The specific electrochemical processes in a DMFC are:                Anode Reaction: CH3OH+H2O=CO2+6H++6e        Cathode Reaction: 3/2O2+6H++6e=2H2O        Net Reaction: CH3OH+3/2O2=CO2+H2O        
The methanol in a DMFC is preferably used in an aqueous solution to reduce the effect of “methanol crossover”. Methanol crossover is a phenomenon whereby methanol molecules pass from the anode side of the membrane electrolyte, through the membrane electrolyte, to the cathode side without generating electricity. Heat is also generated when the “crossed over” methanol is oxidized in the cathode chamber. Methanol crossover occurs because present membrane electrolytes are permeable (to some degree) to methanol and water. One method of reducing methanol crossover is to introduce the methanol in an aqueous solution, thus providing the fuel cell with little more methanol than is required, minimizing crossover without depriving the fuel cell of the necessary fuel.

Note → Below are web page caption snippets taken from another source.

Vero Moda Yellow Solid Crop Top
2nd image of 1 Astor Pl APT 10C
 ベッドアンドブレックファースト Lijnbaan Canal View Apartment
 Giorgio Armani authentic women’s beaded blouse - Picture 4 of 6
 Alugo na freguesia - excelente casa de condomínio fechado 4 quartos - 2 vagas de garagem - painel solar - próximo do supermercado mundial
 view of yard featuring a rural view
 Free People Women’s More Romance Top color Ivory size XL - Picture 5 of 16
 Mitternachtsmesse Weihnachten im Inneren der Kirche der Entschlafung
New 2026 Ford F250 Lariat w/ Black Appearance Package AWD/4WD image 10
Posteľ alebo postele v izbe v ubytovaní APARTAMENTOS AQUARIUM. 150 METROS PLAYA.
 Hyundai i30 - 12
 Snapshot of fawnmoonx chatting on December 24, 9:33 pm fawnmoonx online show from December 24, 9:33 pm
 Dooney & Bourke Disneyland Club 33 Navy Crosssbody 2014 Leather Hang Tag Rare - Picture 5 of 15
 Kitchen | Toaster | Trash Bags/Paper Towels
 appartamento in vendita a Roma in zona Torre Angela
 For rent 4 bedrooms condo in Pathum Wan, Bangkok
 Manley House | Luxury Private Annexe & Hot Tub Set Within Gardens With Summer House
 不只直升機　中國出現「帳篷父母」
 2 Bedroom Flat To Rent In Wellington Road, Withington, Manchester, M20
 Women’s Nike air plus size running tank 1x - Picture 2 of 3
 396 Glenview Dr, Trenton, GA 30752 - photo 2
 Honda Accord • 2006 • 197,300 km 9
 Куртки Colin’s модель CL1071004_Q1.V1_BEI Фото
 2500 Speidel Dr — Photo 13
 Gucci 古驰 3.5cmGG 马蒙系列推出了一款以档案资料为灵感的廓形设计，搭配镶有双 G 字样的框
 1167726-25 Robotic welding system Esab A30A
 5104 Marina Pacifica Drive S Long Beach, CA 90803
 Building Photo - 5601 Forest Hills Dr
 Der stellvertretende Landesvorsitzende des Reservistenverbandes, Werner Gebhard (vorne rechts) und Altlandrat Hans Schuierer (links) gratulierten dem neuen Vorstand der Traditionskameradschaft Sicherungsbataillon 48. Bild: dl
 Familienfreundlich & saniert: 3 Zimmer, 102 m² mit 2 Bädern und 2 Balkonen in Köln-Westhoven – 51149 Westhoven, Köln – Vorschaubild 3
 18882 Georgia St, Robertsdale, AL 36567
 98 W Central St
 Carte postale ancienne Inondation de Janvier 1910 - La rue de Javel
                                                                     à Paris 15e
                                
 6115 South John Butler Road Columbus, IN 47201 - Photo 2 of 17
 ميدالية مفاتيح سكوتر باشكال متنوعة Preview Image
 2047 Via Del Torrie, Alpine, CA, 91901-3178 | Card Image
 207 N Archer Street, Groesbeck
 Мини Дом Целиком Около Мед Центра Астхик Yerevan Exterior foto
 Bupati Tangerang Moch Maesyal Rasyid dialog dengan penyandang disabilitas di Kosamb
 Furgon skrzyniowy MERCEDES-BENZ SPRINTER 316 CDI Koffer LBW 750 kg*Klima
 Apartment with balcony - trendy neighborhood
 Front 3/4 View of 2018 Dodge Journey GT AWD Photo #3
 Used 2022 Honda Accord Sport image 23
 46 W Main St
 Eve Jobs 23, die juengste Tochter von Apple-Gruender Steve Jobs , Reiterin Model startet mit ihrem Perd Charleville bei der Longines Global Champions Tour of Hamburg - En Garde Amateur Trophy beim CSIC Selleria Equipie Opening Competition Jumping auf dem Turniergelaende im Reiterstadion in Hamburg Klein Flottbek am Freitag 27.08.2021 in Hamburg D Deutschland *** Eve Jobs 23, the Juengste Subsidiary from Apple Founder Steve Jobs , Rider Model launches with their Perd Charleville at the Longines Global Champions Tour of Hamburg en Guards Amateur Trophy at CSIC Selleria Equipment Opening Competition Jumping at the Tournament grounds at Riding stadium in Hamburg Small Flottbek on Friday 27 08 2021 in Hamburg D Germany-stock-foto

One of the problems with using DMFC power systems in portable power applications is the lack of a low-cost, effective method for controlling the concentration of methanol fuel in the fuel mixture. Specifically, a problem exists in keeping the proper ratio of fuel to water delivered to the anode chamber in DMFC power systems. For example, if the methanol concentration on the anode face of the membrane electrolyte is too high, then methanol crossover is likely to occur. Similarly, when a fuel cell is too hot, it may encourage excess methanol crossover. Methanol crossover not only wastes fuel, and increases the heat of the fuel cell, but can contribute to cathode flooding, which compromises the performance of the fuel cell.
Because saturation of the cathode prevents the energy producing reactions from proceeding, excess water on the cathode side of the membrane can lead to an increase in methanol concentration at the anode. The increased concentration of methanol may then lead to additional methanol crossover resulting in decreased efficiency, a waste of methanol, and the generation of unwanted heat.
According, the suitability of DMFC power systems for powering portable devices and consumer electronics is dependent upon the development of systems and methods for controlling the amount of fuel concentration in the fuel mixture of a direct methanol fuel cell.
Moreover, it is desirable to utilize physical properties of materials and mechanisms to control the behavior of a fuel cell (i.e., passive components/systems), to reduce product costs and system complexity.